O governador Mauro Mendes, durante a solenidade de inauguração do CCAR, deu as boas-vindas aos novos analistas e elogiou a atuação do Ministério Público para construção da estratégia que irá destravar o CAR. “Com o apoio incondicional do Ministério Público, na pessoa do doutor Marcelo Vacchiano, e com o excelente trabalho da nossa Secretaria de Meio Ambiente estamos inaugurando aqui essa nova unidade. Com isso vamos destravar esse processo e permitir que os produtores rurais possam ter o mais rápido possível o seu cadastro ambiental rural validado pelo nosso órgão. Isso vai gerar empregos, vai permitir o crescimento de muitos desses setores. O que é bom para o setor produtivo, mas que é muito bom para o Estado de Mato Grosso”.

Representando o Ministério Público Estadual, o promotor de Justiça, Marcelo Vacchiano, destacou o trabalho conjunto com a Sema para elaboração do Procedimento Operacional Padrão (POP) que permitirá mais segurança e agilidade nas análises do CAR. Para ele, a contratação dos analistas por meio de um processo seletivo conduzido pela Unemat trará mão de obra qualificada para as análises.

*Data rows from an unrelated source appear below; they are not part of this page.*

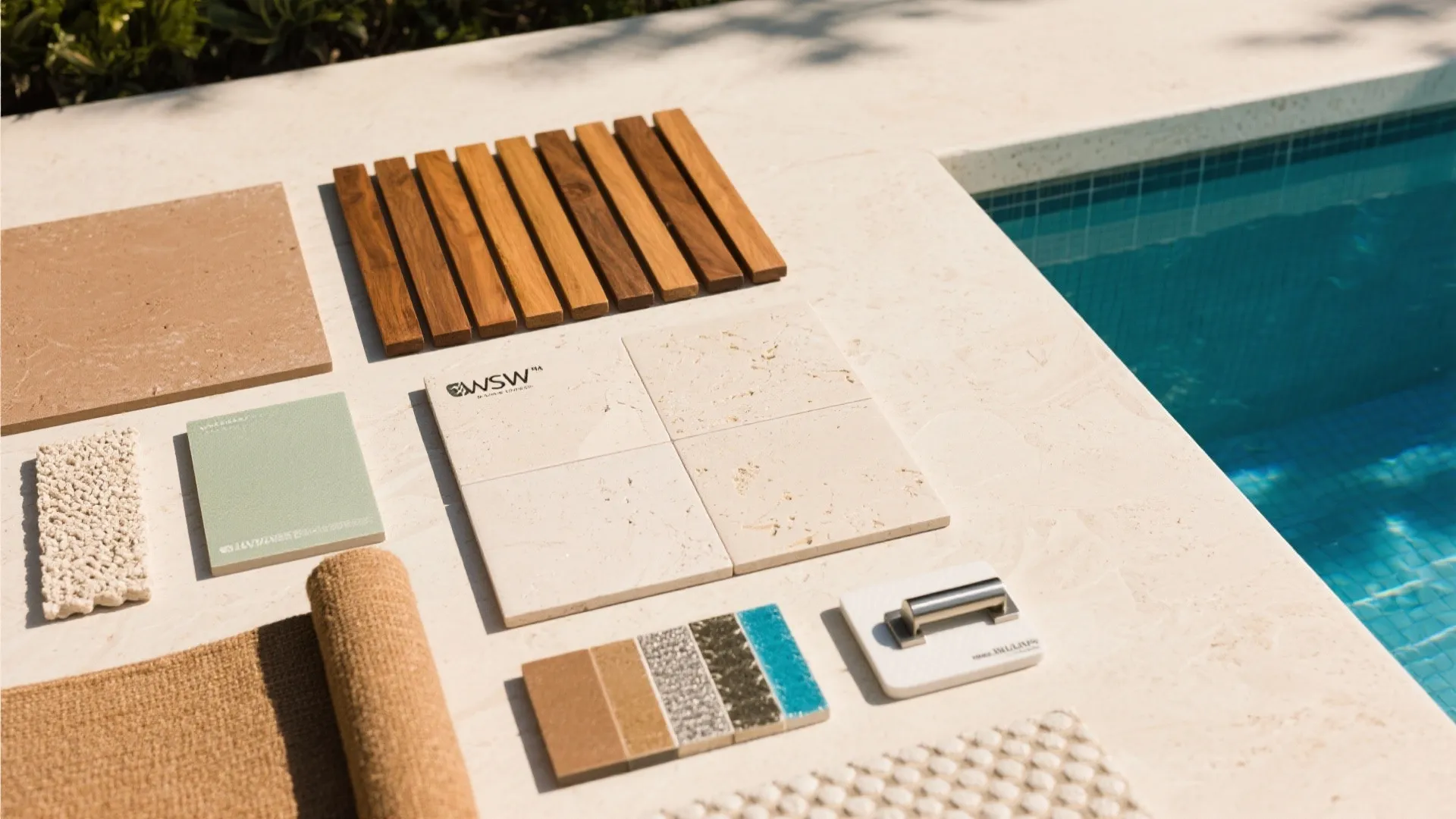 Material palette: performance meets warmth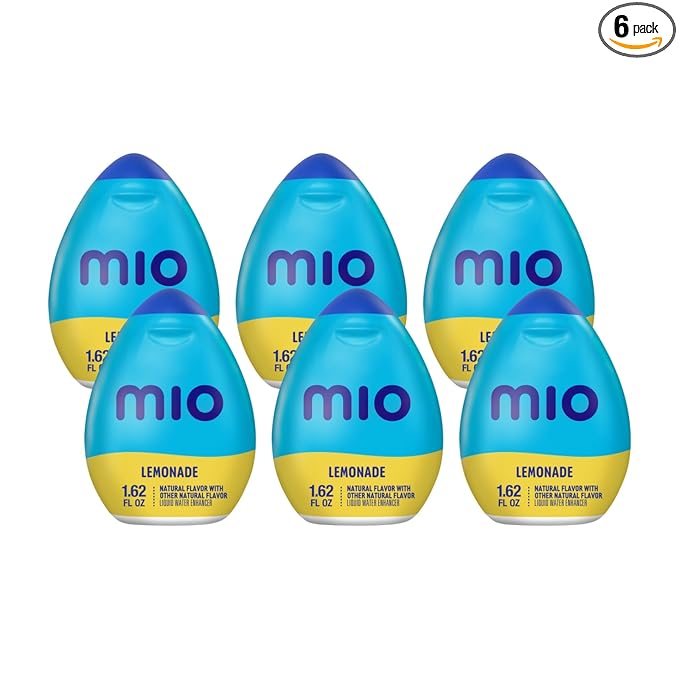 Mio Liquid Water Enhancer Lemonade 1.62 OZ 6-Pack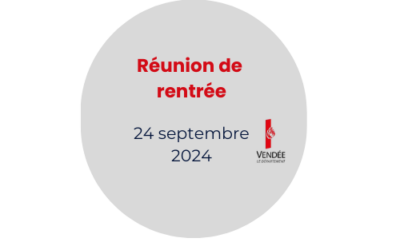 Réunion de rentrée 2024-2025 des principaux et gestionnaires des collèges de Vendée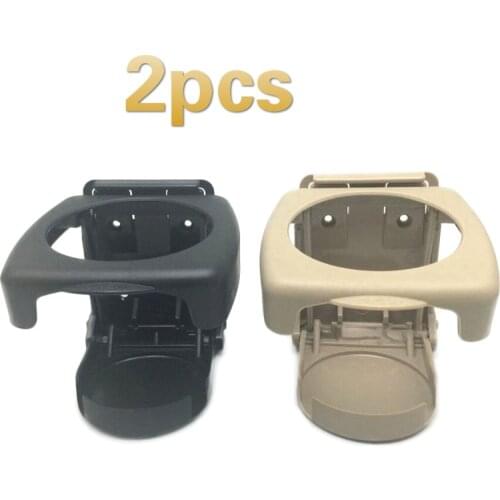 Durable ABS Car Cup Holder Black Drink Holder Multifunctional Drink Holder Auto Supplies Car Cup Accessories TSLM1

“Diferente do que ocorria anteriormente, as pessoas que foram selecionadas pela Unemat são capacitadas para o exercício das atividades na análise do Cadastro Ambiental Rural. Nós tivemos muitos problemas de aprovações indevidas de CAR até por falta de qualificação ou por questões de corrupção. Essas pessoas que entraram agora passaram por um processo seletivo bastante sério e com isso nós esperamos que efetivamente o CAR seja destravado”, elogiou Vacchiano. Durante sua fala de recepção aos novos servidores, ele assegurou aos novos analistas que todo o processo seletivo teve acompanhamento do MPE para aferir a lisura do processo seletivo.

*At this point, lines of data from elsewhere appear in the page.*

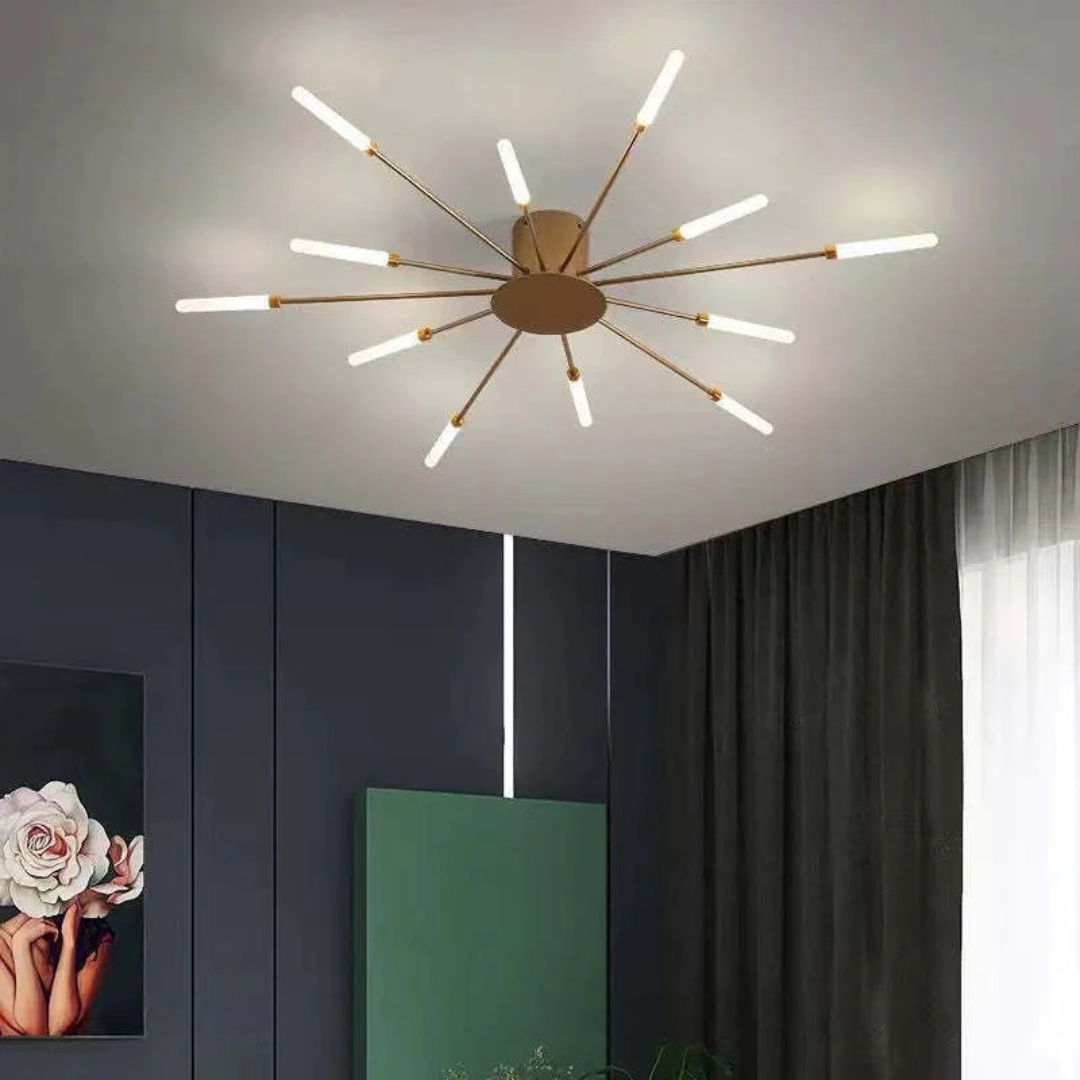 Luz de Techo LED Grande Moderna - LumenMax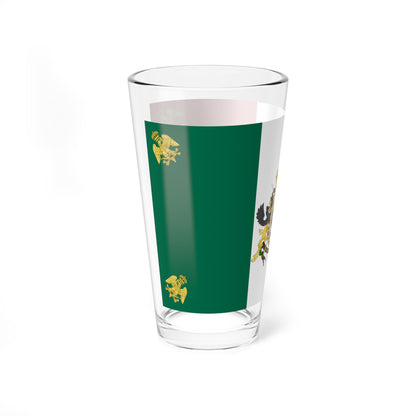 Imperial Standard of Mexico 1864-1867 (Mexico) Pint Glass 16oz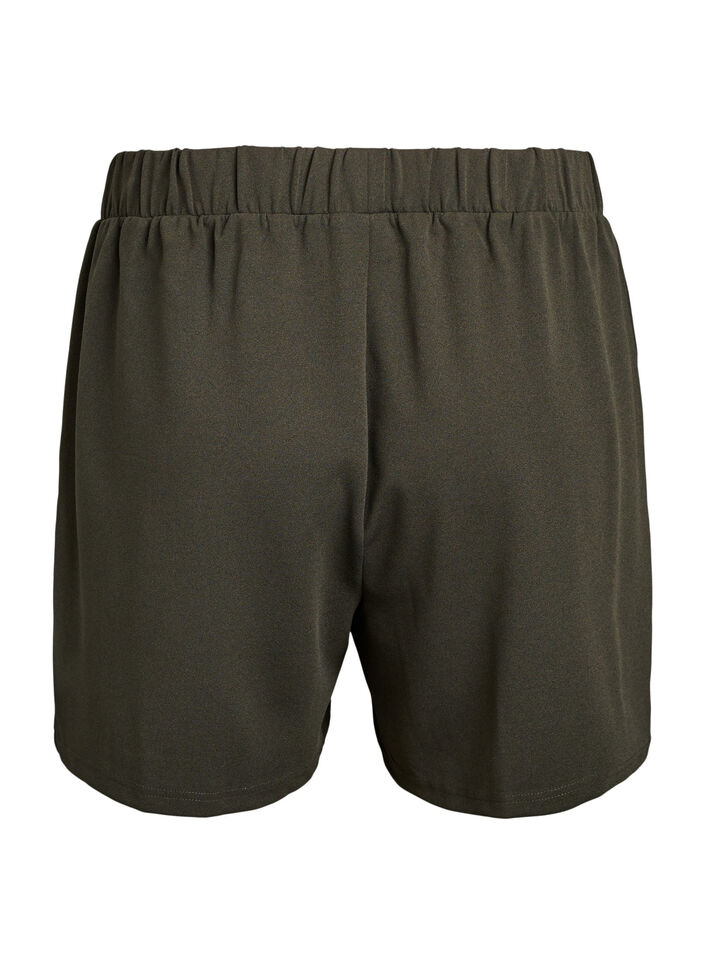 Loose shorts with pockets, Green, Packshot image number 1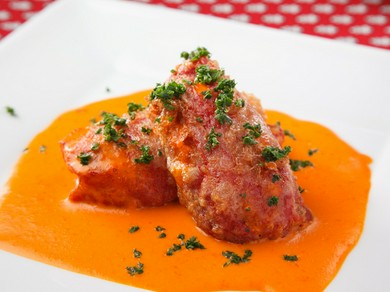 オリジナルソースでいただく『ピキージョ デ バカラオ』　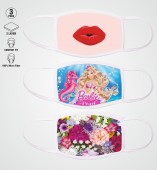 Customized Face Mask For Girls and Ladies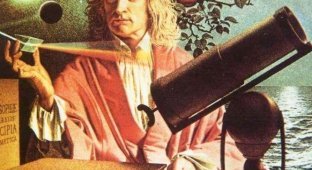 Великие мистики в реалиях: Сэр Исаак Ньютон (9 фото)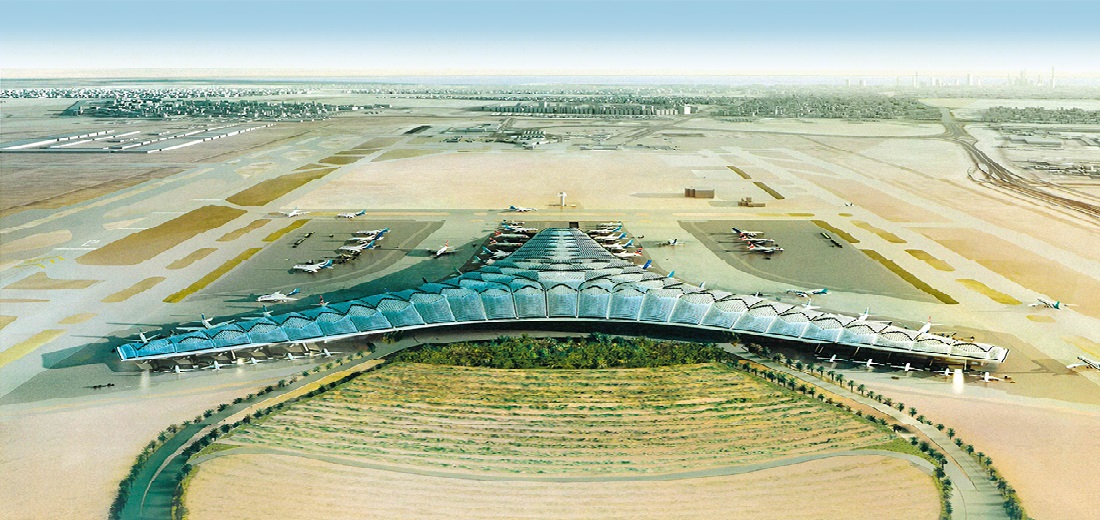 Ten Bridges and Retaining Walls in Kuwait International Airport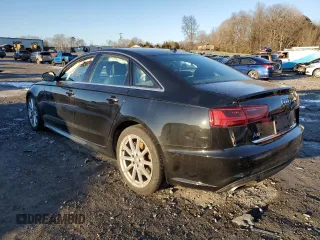 2017 Audi A6 Premium Plus with VIN WAUF2AFC0HN082951, listed as a Copart auction lot 72671192 with 54,545 mi miles. Bid and sale history available at carsss.com. Image 2.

Procedimento Operacional Padrão (POP) desenhado em conjunto por Sema e MPE servirá como guia para análises do CAR (Foto Mayke Toscano)

Treinamento e Capacitação

Após a solenidade de boas-vindas e inauguração do novo espaço, os analistas deram início a uma série de treinamentos sobre administração pública, procedimentos de recursos humanos, ética, comunicação, legislação ambiental e capacitação técnica para operar o sistema e realizar as análises. O secretário adjunto Executivo da Sema, Alex Marega, explicou todo o caminho percorrido para elaboração e validação do Procedimento Operacional Padrão (POP) que servirá de diretriz para as análises de agora em diante.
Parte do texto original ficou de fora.